Bakırcıoğlu: Beyanları samimi bulmadık
Bakırcıoğlu, Yılmazer’in Tahran’a gidişin 18 Şubat’a rastladığını, Trabzon İstihbarat Şube Müdürlüğü’nden gelen ihbarın da 17 Şubat’ta Yılmazer’in görevde olduğu sırada geldiğini söyledi; “Yokluğunda gelse bile periyodik asayiş toplantıları var, bilgilendirilmiştir. Ayrıca evrak üzerine ‘arz edildi’ ibaresi var. Beyanlarını samimi bulmadık” diye ekledi.
Yılmazer, dönemin İstanbul Emniyet Müdürü Celalettin Cerrah, eski Trabzon Emniyet Müdürü Reşat Altay ve eski Trabzon Jandarma Komutanı Albay Ali Öz’ün beyanlarının gerçekliği yansıtmadığı ve geçerliliği de bulunmadığını savunan Bakırcıoğlu, İstihbarat Daire Başkanlığı’nda bulunan dört adet F4 raporunun beyanlarını çürütmeye yeter olduğunu açıkladı.
Avukat, Cerrah, Altay, Öz ve Yılmazer’in beyanlarına karşılık, Yasin Hayal’in Ermenilere büyük kim beslediği, eylem de yaparsa İstanbul’da yapacağını ele alan 13.10.2005 tarihli F4 raporunu ve Yasin Hayal’in İstanbul ilinde Agos genel yayın yönetmeni Hrant Dink’e yönelik ses getiren bir eylem hazırlığında olduğunu işleyen 8 Nisan 2006 tarihli ikinci bir F4 raporunu delil olarak gösteriyor.
Bilmiyor, bilgilendirilmiyor, hatırlamıyorlar...

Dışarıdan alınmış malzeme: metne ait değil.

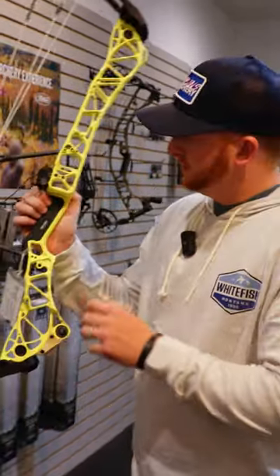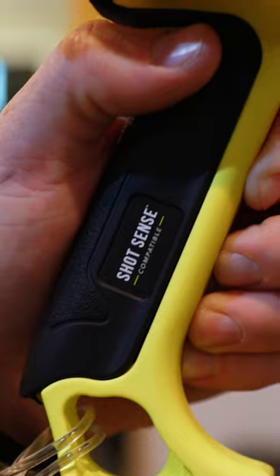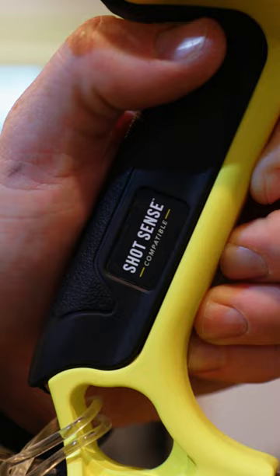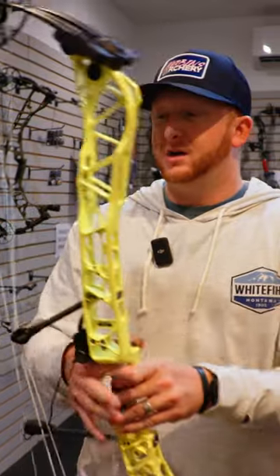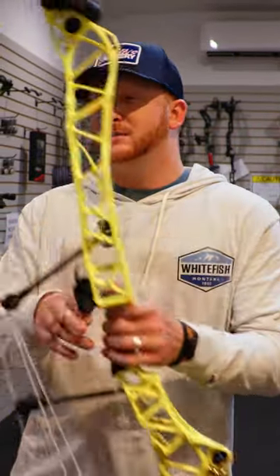Another cool thing that's new for the title is going to be this ShotSense compatible. They have not released yet. It's going to be a little port that's going to be able to fit inside this grip. It's going to be flat on this side and you're going to be able to analyze your shot — hold time, how you float, all that good stuff. It's going to be an app that you can connect to your phone. They'll be releasing that later in the year, but it'll be going into the side of your grip here, which will be pretty awesome.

Altay, 15 Mayıs 2006 tarihinde Trabzon’a atandığına Dink cinayetine ilişkin bilgilerin kendisinden önceki döneme ait olduğunu ve bu bilgilerin kendisine aktarılmadığını iddia etmişti.
Cerrah da, 17 Şubat 2006 tarihinde Dink’e eylem yapılacağına dair Trabzon Emniyeti’nden gönderilen yazıdan haberdar edilmediğini iddia etmişti.
Öz ise, cinayetin konuşulduğu Temmuz 2006’da yapılan istihbarat değerlendirme toplantısında Dink cinayetine ilişkin bilgilerin kendisine iletildiğini hatırlamadığını beyan etmişti. (EÖ)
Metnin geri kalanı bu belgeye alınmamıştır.